General Douglas MacArthur once said, “The soldier above all others prays for peace, for it is the soldier who must suffer and bear the deepest wounds and scars of war.”
Having served in the Army in combat as a special operations physician, I have seen soldiers suffer the scars of war, both visible and invisible. Tragically, in the past two years, invisible scars of war are taking their toll as the rates of active-duty military suicides have increased dramatically. Just as we prepare our fighting forces physically and with proper equipment, it is our duty to ensure warriors and veterans are mentally, emotionally, and especially, spiritually prepared for war.
For some who hear the phrase “spiritually prepared for war,” the gut reaction to mixing faith and killing in war is repulsive. That gut reaction comes from the same conscience that creates and sustains what psychiatrists call a moral injury.
In our Judeo-Christian culture, the principles of “Thou shalt not kill” are embedded in most of our psyches. We shame those who practice violence. In our society, the bully is appropriately condemned. Then a young man or woman joins the Army or the Marine Corps and is taught to kill. Killing becomes the profession and “violence of action” the means of survival. If you’re horrified watching the first few minutes of Saving Private Ryan, that feeling is amplified ten times when the blood is real, and it’s your best friend’s.
From my experience, those who go to war and return experience one or two moral struggles. Either they’ve taken a life, or they’ve survived when a good friend did not. The struggle to accept that you killed someone, and what is called “survivor guilt," become two primary drivers of moral injury. They haunt the veteran. Those who do not overcome the moral wounds self-medicate. Or, all too often, those afflicted end their lives.
These moral injuries happen to soldiers and Marines regardless of faith or religious background. But how the soldier or Marine responds to moral injury varies. When it comes to suicide, the data is undeniably clear. Religious people appear to be at less risk for suicide.
One Nurse’s Health Study surveyed nearly 90,000 women for over a decade. This study found that those women with regular religious attendance have a five-fold lower risk of suicide compared to women who did not attend religious services. This also seems to correlate to veteran suicide. In a study, Dr. Kopacz with the VA observed that veterans who attempt suicide self-rated their spiritual health in a worse category than veterans without suicide ideation.

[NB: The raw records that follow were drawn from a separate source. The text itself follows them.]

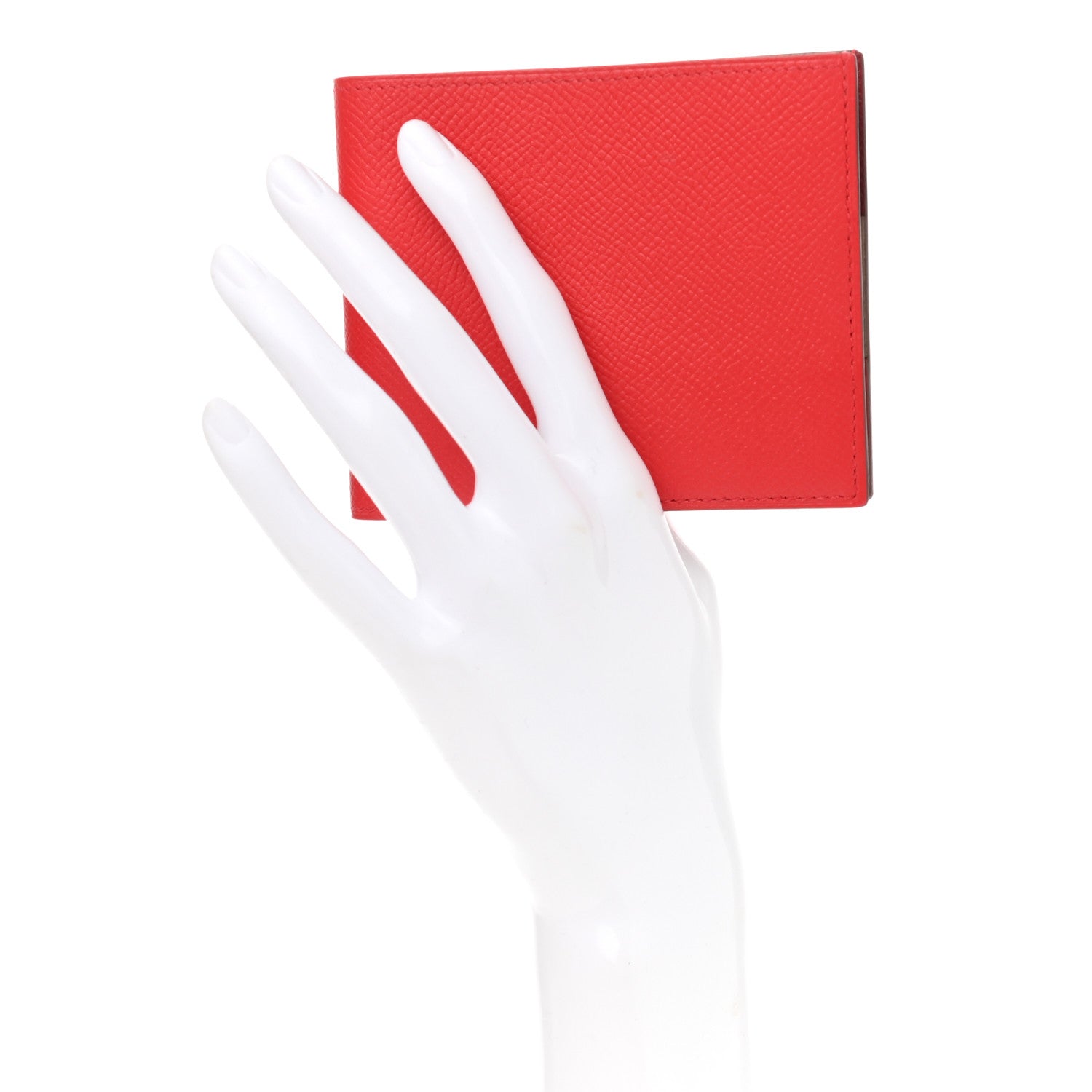 Hermes Epsom Chevre Mysore Lizard Histoire Naturelle Wallet 2 of 7
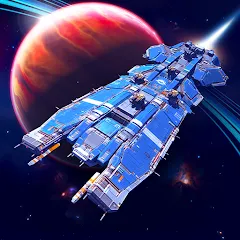 Взломанная Homeworld Mobile: Sci-Fi MMO (Хоумворлд Мобаил)  [МОД Бесконечные монеты] - последняя версия apk на Андроид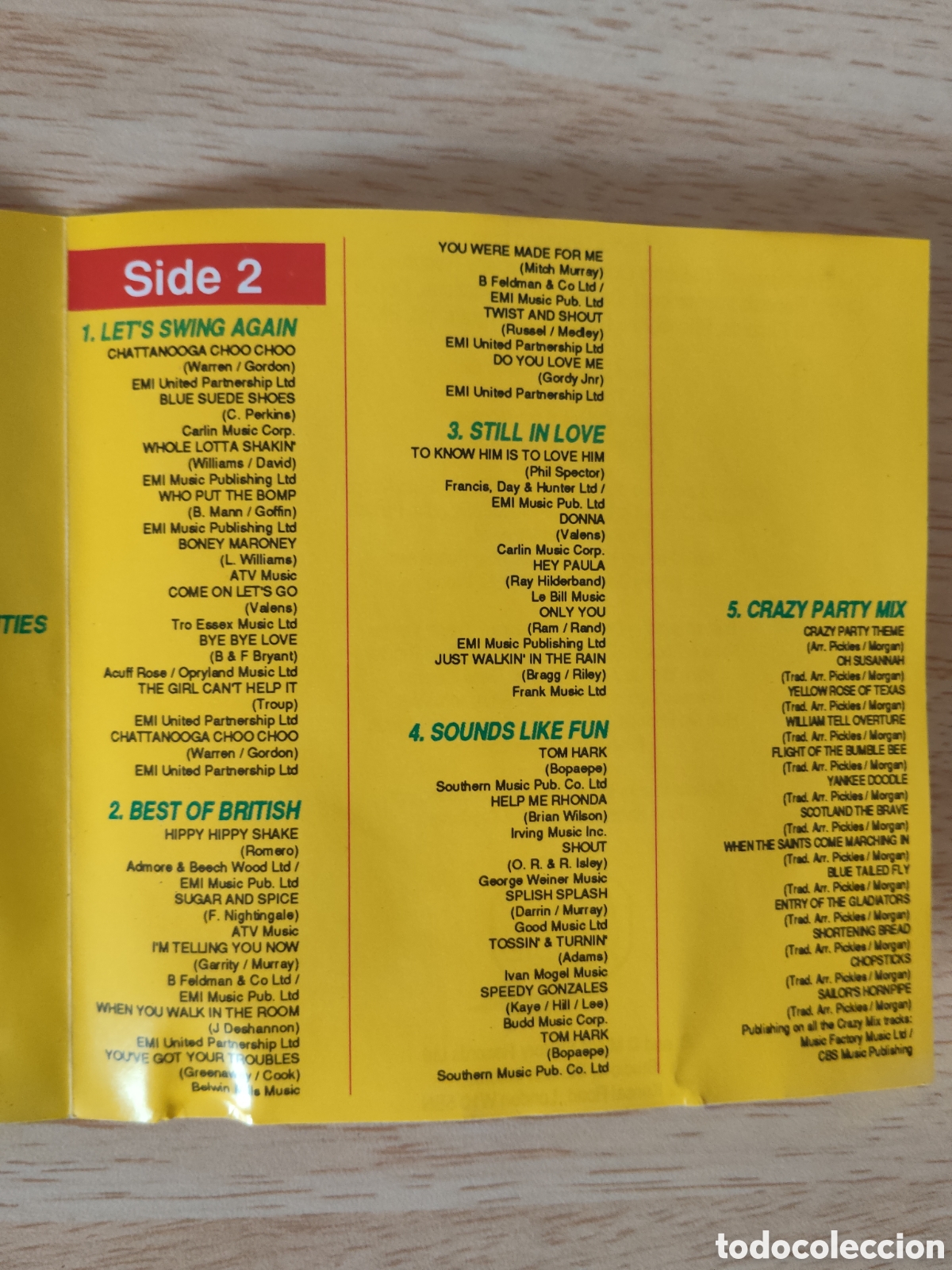 CDs de m&uacute;sica: CD Jive Bunny - Its Party Time (1990) - Foto 6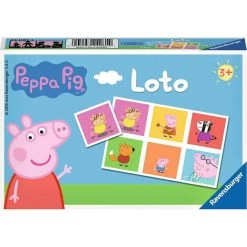 Vente flash ✔️ Ravensburger Loto Peppa Pig - Pp: Peppa Pig ⭐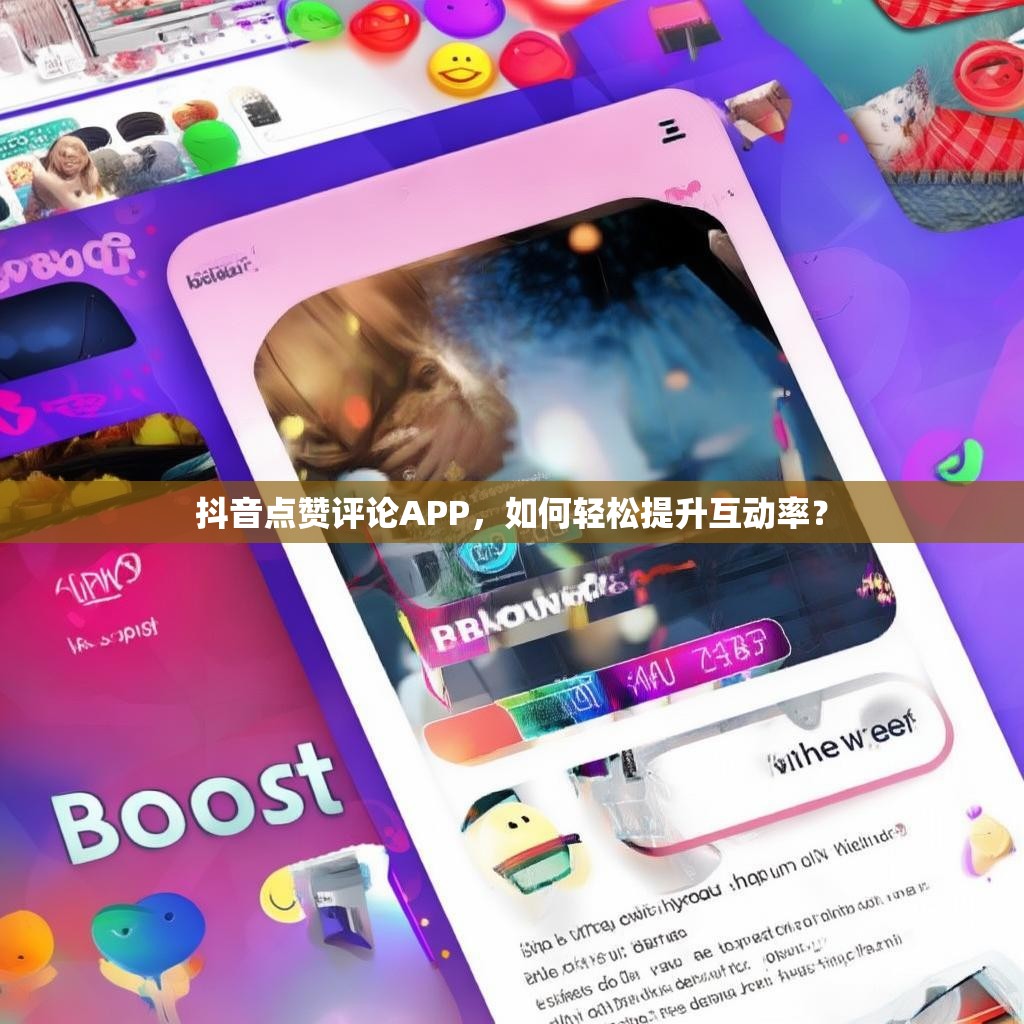 抖音点赞评论APP，如何轻松提升互动率？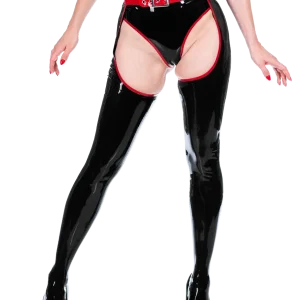 Latex Black Ramona Leggings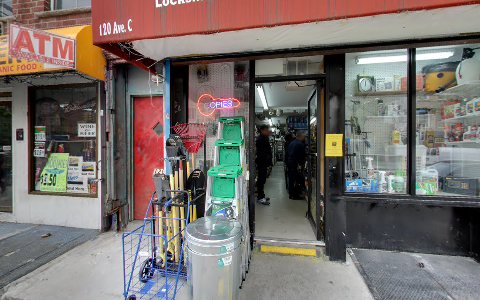 Hardware Store «C H P Hardware Store», reviews and photos, 120 Avenue C, New York, NY 10009, USA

Another study in March of this year concluded that “negative spiritual coping” was often associated with an increase in mental health diagnoses and symptom severity, while “positive spiritual coping” had a healing effect. Even the data the U.S. Army presented to the Oversight Committee on May 8th, 2019 reveals much. Fifty-seven percent of the active-duty Army soldiers who committed suicide in 2018 had no religious leaning, even though non-religious soldiers compose roughly only 33% of the Army. Non-religious soldiers are killing themselves at a faster rate than religious soldiers.
My belief, supported by the correlation seen in the data, is that religion helps men and women cope with the pains of war. After all, the three most popular monotheistic religions – Judaism, Christianity and Islam – all teach how to cope with both guilts.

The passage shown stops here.